= Beginning of Section =

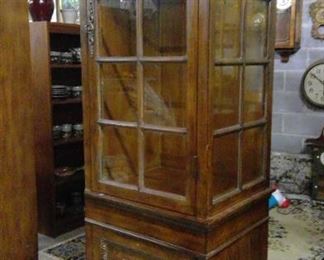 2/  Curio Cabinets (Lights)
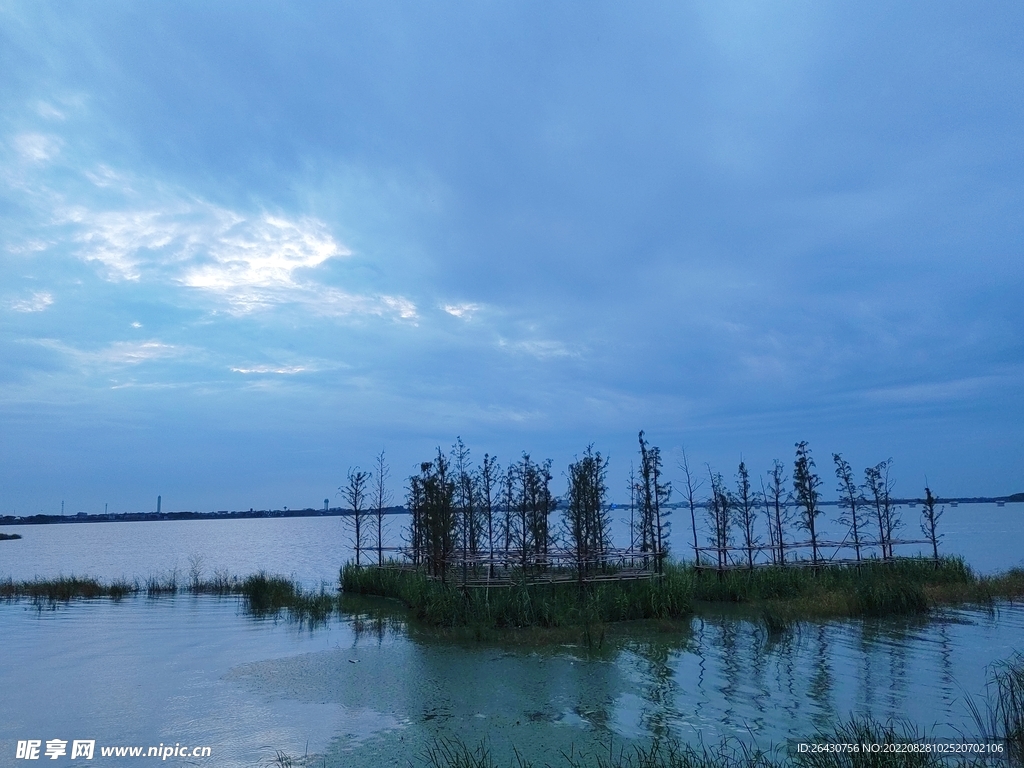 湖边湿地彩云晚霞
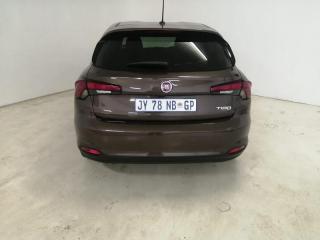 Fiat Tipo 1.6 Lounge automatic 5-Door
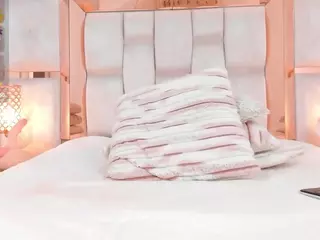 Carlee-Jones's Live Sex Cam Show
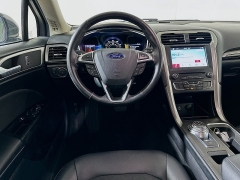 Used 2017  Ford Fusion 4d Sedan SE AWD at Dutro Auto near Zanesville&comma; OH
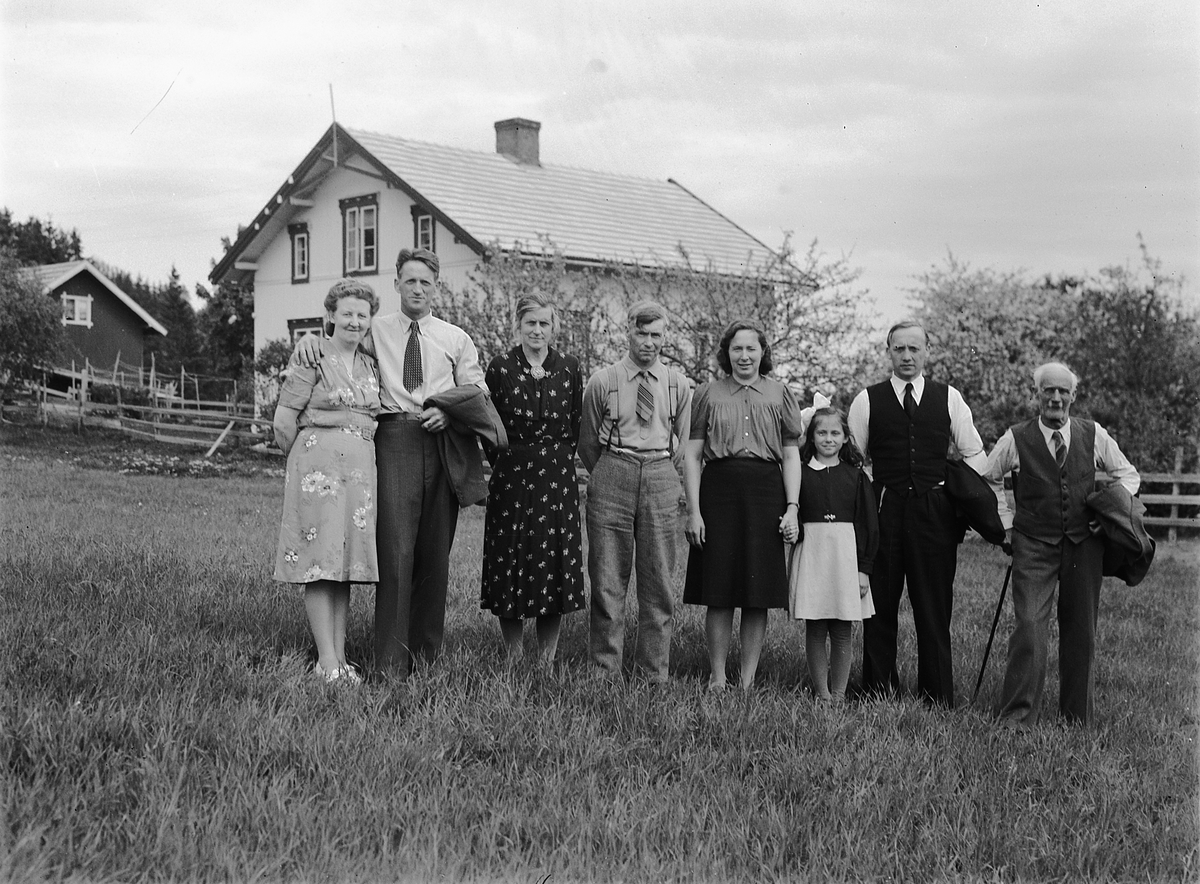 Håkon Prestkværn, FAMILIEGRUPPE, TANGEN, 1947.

= End of Section =

== Task objective ==
Wherever an image appears, omit it, and retype everything else in the entries exactly.

== Output of the task ==
 2/  Curio Cabinets (Lights)
 湖边湿地彩云晚霞
 Fiat Tipo 1.6 Lounge automatic 5-Door
 Carlee-Jones's Live Sex Cam Show
 Used 2017  Ford Fusion 4d Sedan SE AWD at Dutro Auto near Zanesville&comma; OH
 Håkon Prestkværn, FAMILIEGRUPPE, TANGEN, 1947.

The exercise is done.